Singleness is not a sin.

The site (Christian Answers) goes a bit further and enters territory I don't like ("The opposite of homosexuality isn't heterosexuality, it's holiness."), but at least the man who espouses this belief gets that you can't "make" someone gay become straight.

I hope that I can promise not to write much more on this, at least not for a while. Really, I'm okay with being single, I'm okay with doing as much as I'm humanly capable of to make my family happy, but the one thing I can't do (something I don't think anyone can do) is make myself feel things I don't.

It's hard enough denying your own, very real emotions without trying to fabricate new ones that just won't come. I know it's not politically correct to say this, but I would gladly be straight if I could be.

What person would want to risk losing their family, their friends and others they respect?

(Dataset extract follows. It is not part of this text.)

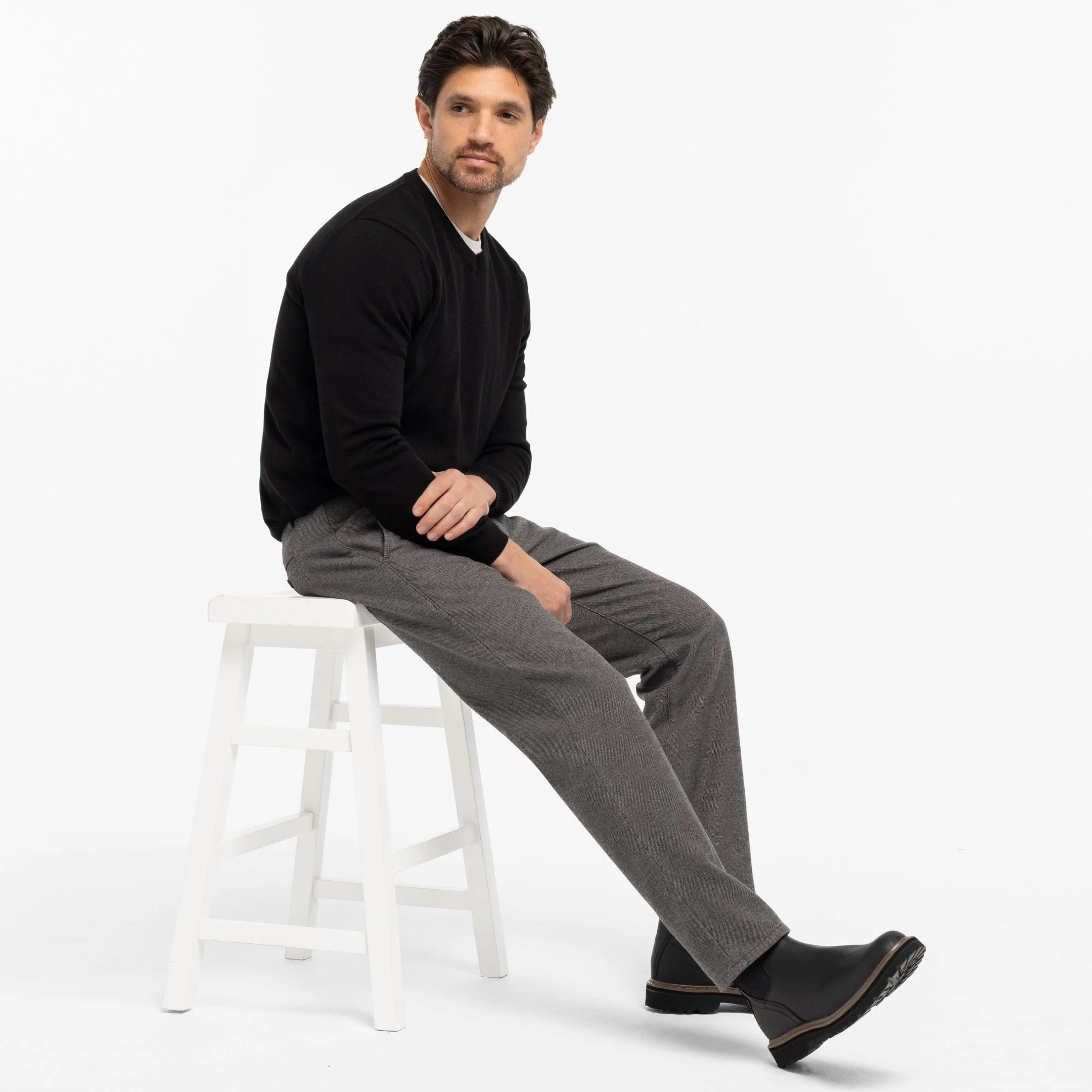Grey Brushed Twill Chinos - Image 2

Love is wonderful, it really is, but whether it's one-sided or reciprocal, it's hard to be in love in a world that so clearly has its set rules on what it thinks it is and isn't.

More on this can be read at the link below. I don't agree with everything, but I do like that there is some understanding and compassion:

http://www.christiananswers.net/q-cross/cross-gaychange.html



2 comments:

Lady Disdain said...

You don't have to feel that you need to apologize for what you want/feel like writing. You should do so as much as you want.

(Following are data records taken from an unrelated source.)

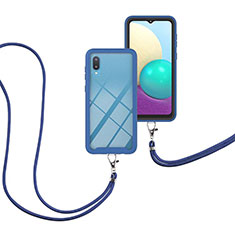 Funda Bumper Silicona y Plastico Carcasa Frontal y Trasera 360 Grados con Acollador Cordon Lanyard para Samsung Galaxy A02 Azul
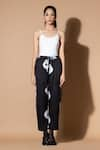 Buy_Zeefaa_Black Modal Satin Abstract Pattern Straight Pant _at_Aza_Fashions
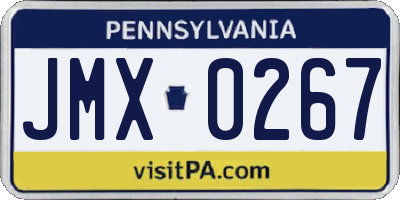 PA license plate JMX0267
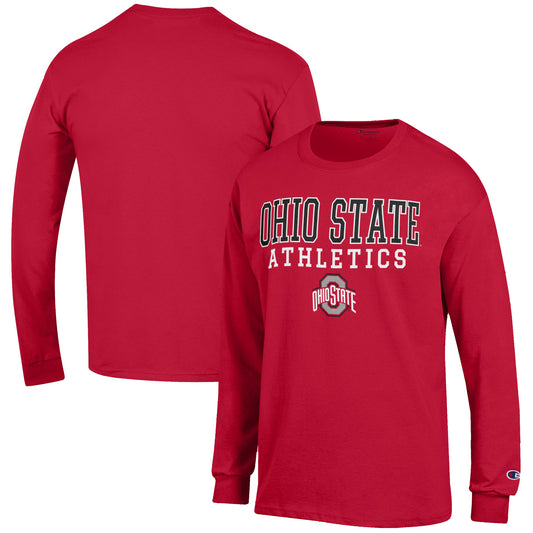 Men's Champion  Scarlet Ohio State Buckeyes Athletics Logo Stack Long Sleeve T-Shirt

Sometimes, we're all so hellbent on fighting things that we forget how hard and exhausting it can be, especially when that fighting involves going against a lot of close people in your life.

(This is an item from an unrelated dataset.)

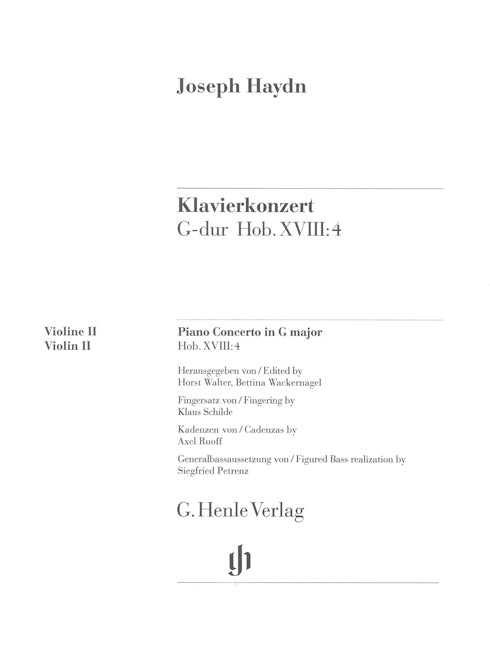 Concerto pour piano | Franz Joseph Haydn | Violon | Partie séparée | HN 691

It's not compromise entirely, hiding parts of yourself - it can also be a way of preserving that part of our identities, and as much as we might call it cowardly or whatever, it's very necessary at times. You're brave and strong, and I think you're doing the best you can in your circumstance. Cyber hugs are so insufficient but here's one anyway.

just a girl said...

Thank you for the hugs!

And I also want to thank you for writing that it's "very necessary" at times. I feel like it is!

Maybe this is the wrong way to think about it, but given where I am in my life right now and that I worry about "losing" people I like who don't believe in gay marriage (or even gay rights), I find keeping private with them is best.

If I were ever fortunate enough to meet someone special whom I'd want to grow old with, I wouldn't hide because I wouldn't want to hide my partner, the person I love dearly (in this completely hypothetical situation where I someday meet someone.)

For now, and quite possibly always, I have books and music, both as interests and loves. Sometimes, for some of us, that's more than enough. :)

Thank you again! Have a lovely weekend!